Camille abrió la puerta y añadió tranquilamente:

– En las cajas todavía hay algo de comida… Arroz, salsa de tomate y galletas, creo… Ahí tienes mantas… Aquí está el radiador eléctrico… No lo pongas muy fuerte porque salta… En el pasillo tienes un retrete. Normalmente tendrías que ser el único en usarlo… Digo «normalmente», porque he oído ruidos ahí enfrente pero nunca he visto a nadie… Y… ¿qué más? ¡Ah, sí! Hace tiempo viví con un yonqui, así que sé exactamente lo que va a pasar. Sé que un día, mañana tal vez, habrás desaparecido y te habrás llevado todo lo que hay aquí. Sé que intentarás venderlo todo para pegarte la gran vida un tiempo. El radiador, la cocina, el colchón, el paquete de azúcar, las toallas, todo… Bueno… Eso ya lo sé. Lo único que te pido es que seas discreto. Esta buhardilla no es mía… Así que te pido por favor que no me metas en un lío… Si sigues aquí mañana, iré a hablar con la portera para que te deje en paz. Y nada más.

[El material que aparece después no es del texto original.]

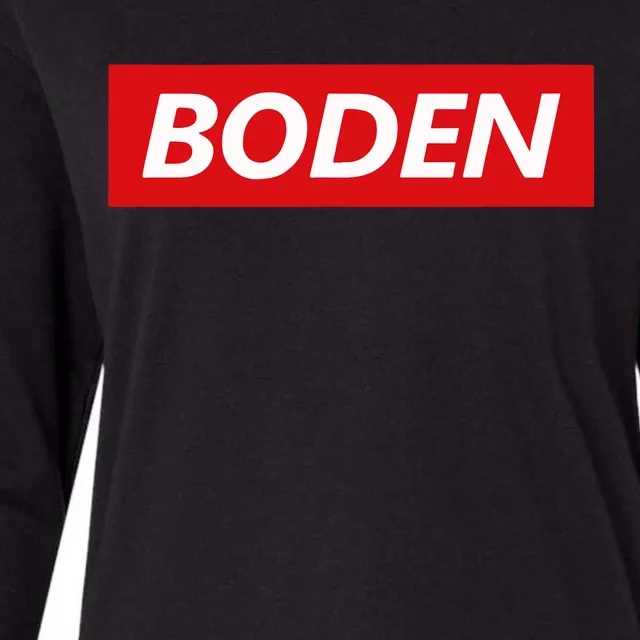 Boden Box Logo Womens Cotton Relaxed Long Sleeve T-Shirt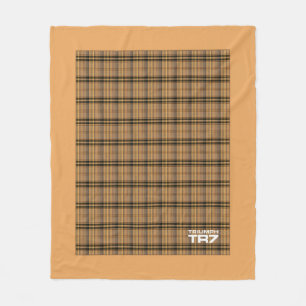 Cobertor De Velo Triumph TR7 - Tan Tartan / Xadrez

– ¿Quién ha pintado eso? -preguntó el chico, señalando el trampantojo. Una inmensa ventana abierta sobre el Sena con una gaviota posada en el balcón…

– Yo…

– ¿Has vivido aquí?

– Sí.

Barbès inspeccionó el lugar con desconfianza, y luego se acurrucó sobre el colchón.

– Bueno, yo me voy ya…

– Oye.

– ¿Qué?

– ¿Por qué?

– Porque a mí me pasó exactamente lo mismo… Estaba en la calle y alguien me trajo aquí…

– No me quedaré mucho tiempo…

– Me trae sin cuidado. No digas nada. De todas maneras, nunca decís la verdad…

– Sigo un tratamiento en una clínica…

– Sí, seguro… Hala… Que sueñes con los angelitos…

9

Tres días más tarde, en el portal, la señora Pereira apartó sus preciosísimos visillos y la llamó:

– Oiga, señorita…

Mierda, tiempo le había faltado. Qué jodienda… Y eso que le había dado cincuenta euros…

– Buenos días.

– Sí, buenos días, pero a ver, dígame una cosa…

Con una mueca, le preguntó:

– ¿Es amigo suyo ese cochino?

– Perdón, ¿cómo dice?

– ¿El de la moto?

– Ah… Sí -contestó Camille, muy aliviada-. ¿Hay algún problema?